Hi Heligany (welcome to the forum).Heligany wrote: ↑Tue Dec 11, 2018 7:19 amNo your example is not about free will but about deciding to do something... these are not the same thing.
Free will requires no causal chain (determinism) and nothing you are saying, including colouring a letter orange, is outside that... you did that to try to prove a point: so for a reason not random and outside causality.
The problem is that even if you could find an action outside of causality it would still not prove free will: as for free will to be involved the self has to be the trigger not randomnes
The difficulty is that free will is used in different ways outside of philosophy, especially in law, where it is routinely conflated with mere will (unimpeded decision making)...this muddies the waters.
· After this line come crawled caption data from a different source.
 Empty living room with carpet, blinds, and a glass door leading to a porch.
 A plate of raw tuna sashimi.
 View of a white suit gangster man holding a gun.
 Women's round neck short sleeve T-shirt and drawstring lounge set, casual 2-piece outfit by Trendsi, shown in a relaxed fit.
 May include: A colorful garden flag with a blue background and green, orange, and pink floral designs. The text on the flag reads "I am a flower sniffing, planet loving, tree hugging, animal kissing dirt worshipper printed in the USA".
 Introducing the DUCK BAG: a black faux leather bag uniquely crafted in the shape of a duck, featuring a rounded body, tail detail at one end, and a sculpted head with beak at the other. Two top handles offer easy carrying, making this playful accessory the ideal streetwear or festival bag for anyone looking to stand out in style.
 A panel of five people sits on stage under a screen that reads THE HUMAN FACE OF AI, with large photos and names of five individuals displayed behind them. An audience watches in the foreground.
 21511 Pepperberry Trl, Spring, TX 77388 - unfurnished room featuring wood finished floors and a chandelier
Sam Harris explains it well. https://www.youtube.com/watch?v=_FanhvXO9Pk (it starts at 6.00, lots of waffle before that)
I have a lot of respect for Sam Harris, however, he doesn’t even believe in the existence of the self (or more specifically, that the self is an illusion founded upon neural processes). Therefore, it is no wonder that he would be against the idea of the existence of free will if, indeed, there is no existing “agent” to wield such an attribute.
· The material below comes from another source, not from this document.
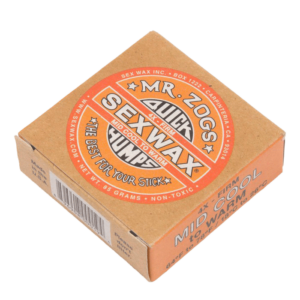 Shapers-Club- L'image présente une boîte orange de 85 g de Sexwax de M. Zog, étiquetée « Quick Humps », « Warm Tropical » et « The Best For Your Stick », conçue pour les planches de surf dans des conditions moyennement fraîches à chaudes. -surfshop-surfboard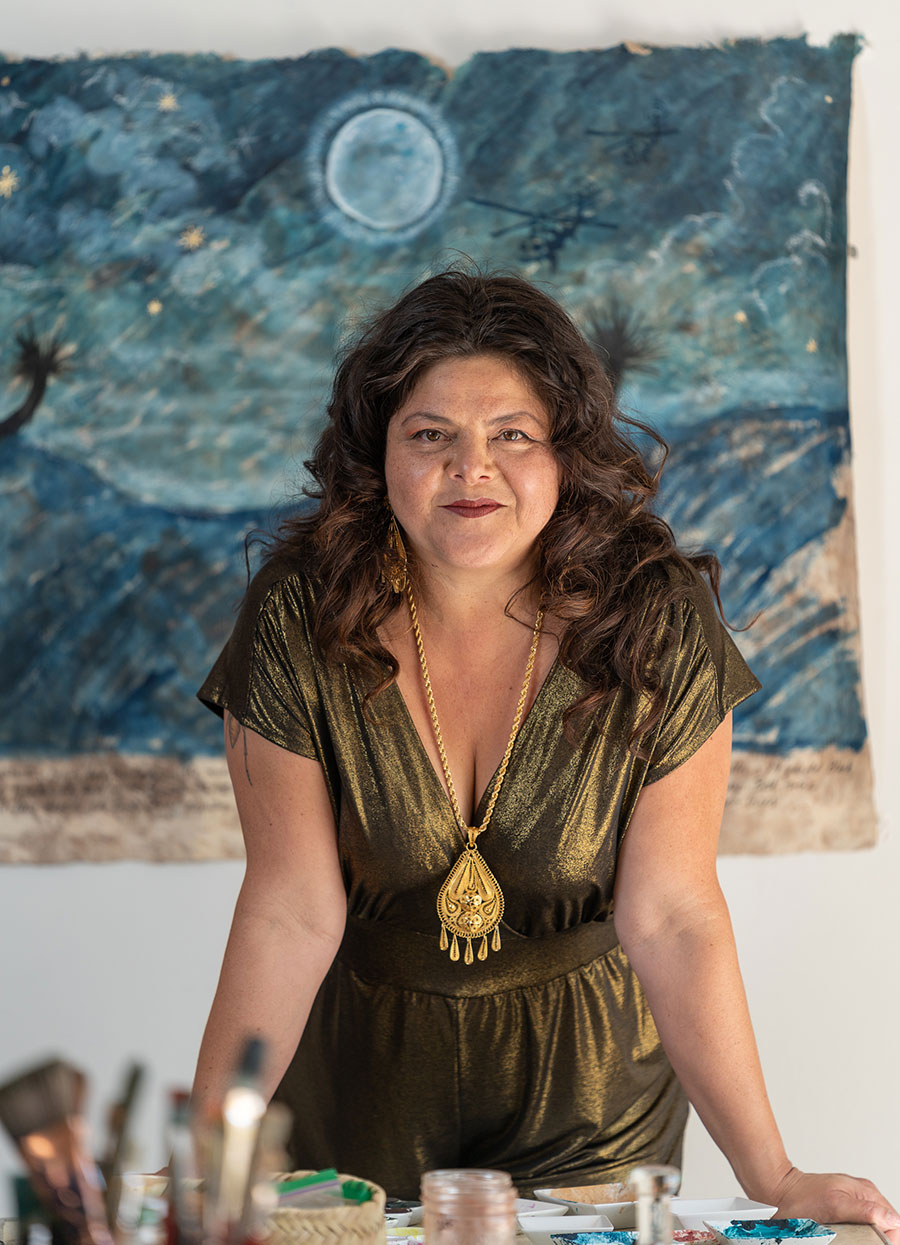 Sandy Rodriguez stands with painting materials in the foreground and a blue watercolor behind her on the wall.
If this was an argument against the existence of God, then you could use Harris (and his personal biases) as a reference for that also.
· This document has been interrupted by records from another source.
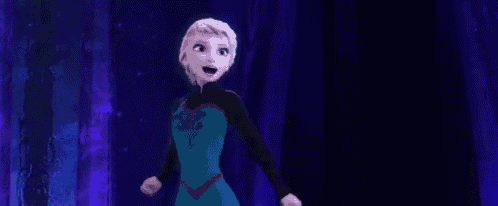 a woman in a blue dress is walking through a dark forest .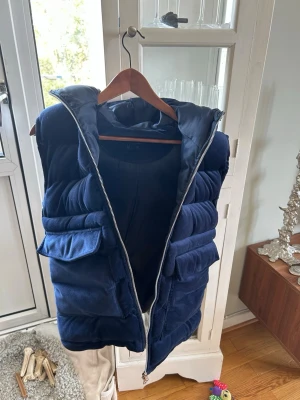 Mörkblå dunväst med huva - Skön mancester väst från Vendiera stl S, OBS de felen är att en knapp till fickorna kan öppnas ibland,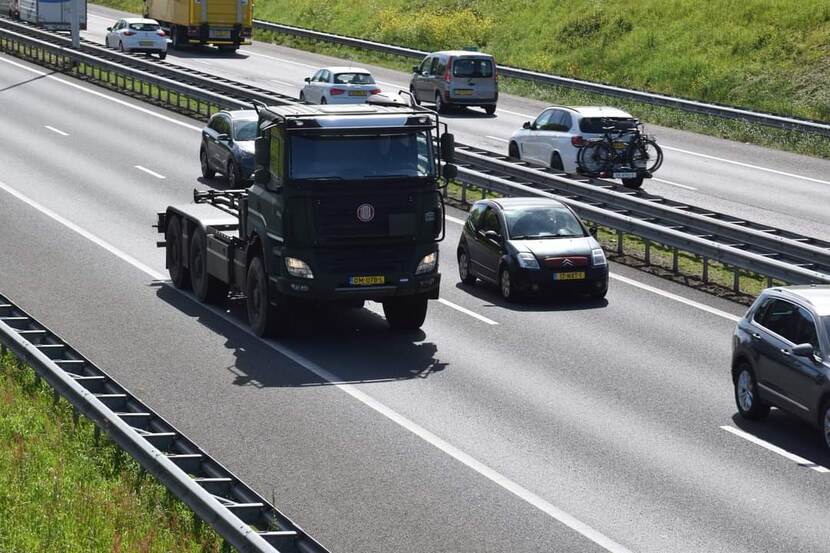 Defensievoertuig rijdt over de snelweg, net voor een viaduct.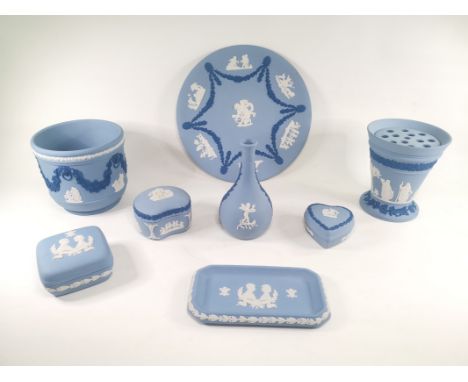 A small assortment of Wedgwood jasperware, to include a cache pot with relief moulded decoration of swags of fruiting grape v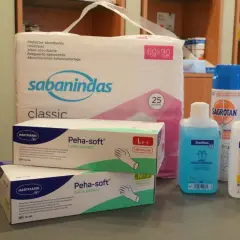 Pflegehilfsmittel Liste: Ein Paket Einlagen, zwei Schachteln Latex-Handschuhe, Desinfektionsmittel und ein Spray.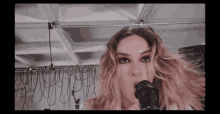 a close up of a woman singing into a microphone with a ceiling behind her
Nevertheless, I acknowledge your “free will” to choose anyone you so desire to support your assertions.
Needless to say, you will no doubt insist that what you have done is not an instance of free will, but was the result of a causal chain. Whereas I, on the other hand, will insist that we need to be sensible about the question of free will and try not to over-think it to the point of being pathologically obsessive over what qualifies as free will.
I suggest that we avoid looking for some kind of Platonic definition of what free will entails and keep it as simple as the very first line of Wiki’s definition:
The point is that for all practical purposes, whenever we make a personal choice in the process of “deciding to do something” when confronted with a variety of contrasting options, it is about as close to having free will as the universe will allow.Wiki wrote: Free will is the ability to choose between different possible courses of action unimpeded.